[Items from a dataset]
***

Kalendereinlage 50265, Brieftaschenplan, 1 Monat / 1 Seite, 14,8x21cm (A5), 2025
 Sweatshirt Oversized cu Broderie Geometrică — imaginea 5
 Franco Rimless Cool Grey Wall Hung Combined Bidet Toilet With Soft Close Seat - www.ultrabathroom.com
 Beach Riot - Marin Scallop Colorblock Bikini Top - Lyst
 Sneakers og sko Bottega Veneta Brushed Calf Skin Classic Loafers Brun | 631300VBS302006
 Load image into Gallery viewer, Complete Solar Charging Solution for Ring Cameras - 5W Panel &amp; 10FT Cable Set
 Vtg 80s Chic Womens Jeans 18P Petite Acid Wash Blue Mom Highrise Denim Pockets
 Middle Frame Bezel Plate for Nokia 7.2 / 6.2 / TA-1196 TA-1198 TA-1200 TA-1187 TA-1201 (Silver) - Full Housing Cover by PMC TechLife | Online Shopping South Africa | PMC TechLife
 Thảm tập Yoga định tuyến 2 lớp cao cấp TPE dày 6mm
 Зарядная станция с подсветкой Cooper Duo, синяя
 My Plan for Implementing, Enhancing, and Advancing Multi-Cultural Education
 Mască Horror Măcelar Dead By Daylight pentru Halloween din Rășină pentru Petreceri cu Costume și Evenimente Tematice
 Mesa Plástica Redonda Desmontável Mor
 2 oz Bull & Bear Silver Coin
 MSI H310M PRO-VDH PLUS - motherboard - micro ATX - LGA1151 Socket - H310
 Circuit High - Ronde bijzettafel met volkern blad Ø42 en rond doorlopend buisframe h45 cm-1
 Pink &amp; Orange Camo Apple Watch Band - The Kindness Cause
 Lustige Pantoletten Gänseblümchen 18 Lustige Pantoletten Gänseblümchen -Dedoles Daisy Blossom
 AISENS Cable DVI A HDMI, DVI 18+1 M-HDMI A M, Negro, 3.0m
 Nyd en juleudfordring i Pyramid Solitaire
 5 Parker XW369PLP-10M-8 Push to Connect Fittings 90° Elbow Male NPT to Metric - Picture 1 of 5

***

**Task item**. Reproduce all the records precisely.

**Response**.
Kalendereinlage 50265, Brieftaschenplan, 1 Monat / 1 Seite, 14,8x21cm (A5), 2025
 Sweatshirt Oversized cu Broderie Geometrică — imaginea 5
 Franco Rimless Cool Grey Wall Hung Combined Bidet Toilet With Soft Close Seat - www.ultrabathroom.com
 Beach Riot - Marin Scallop Colorblock Bikini Top - Lyst
 Sneakers og sko Bottega Veneta Brushed Calf Skin Classic Loafers Brun | 631300VBS302006
 Load image into Gallery viewer, Complete Solar Charging Solution for Ring Cameras - 5W Panel &amp; 10FT Cable Set
 Vtg 80s Chic Womens Jeans 18P Petite Acid Wash Blue Mom Highrise Denim Pockets
 Middle Frame Bezel Plate for Nokia 7.2 / 6.2 / TA-1196 TA-1198 TA-1200 TA-1187 TA-1201 (Silver) - Full Housing Cover by PMC TechLife | Online Shopping South Africa | PMC TechLife
 Thảm tập Yoga định tuyến 2 lớp cao cấp TPE dày 6mm
 Зарядная станция с подсветкой Cooper Duo, синяя
 My Plan for Implementing, Enhancing, and Advancing Multi-Cultural Education
 Mască Horror Măcelar Dead By Daylight pentru Halloween din Rășină pentru Petreceri cu Costume și Evenimente Tematice
 Mesa Plástica Redonda Desmontável Mor
 2 oz Bull & Bear Silver Coin
 MSI H310M PRO-VDH PLUS - motherboard - micro ATX - LGA1151 Socket - H310
 Circuit High - Ronde bijzettafel met volkern blad Ø42 en rond doorlopend buisframe h45 cm-1
 Pink &amp; Orange Camo Apple Watch Band - The Kindness Cause
 Lustige Pantoletten Gänseblümchen 18 Lustige Pantoletten Gänseblümchen -Dedoles Daisy Blossom
 AISENS Cable DVI A HDMI, DVI 18+1 M-HDMI A M, Negro, 3.0m
 Nyd en juleudfordring i Pyramid Solitaire
 5 Parker XW369PLP-10M-8 Push to Connect Fittings 90° Elbow Male NPT to Metric - Picture 1 of 5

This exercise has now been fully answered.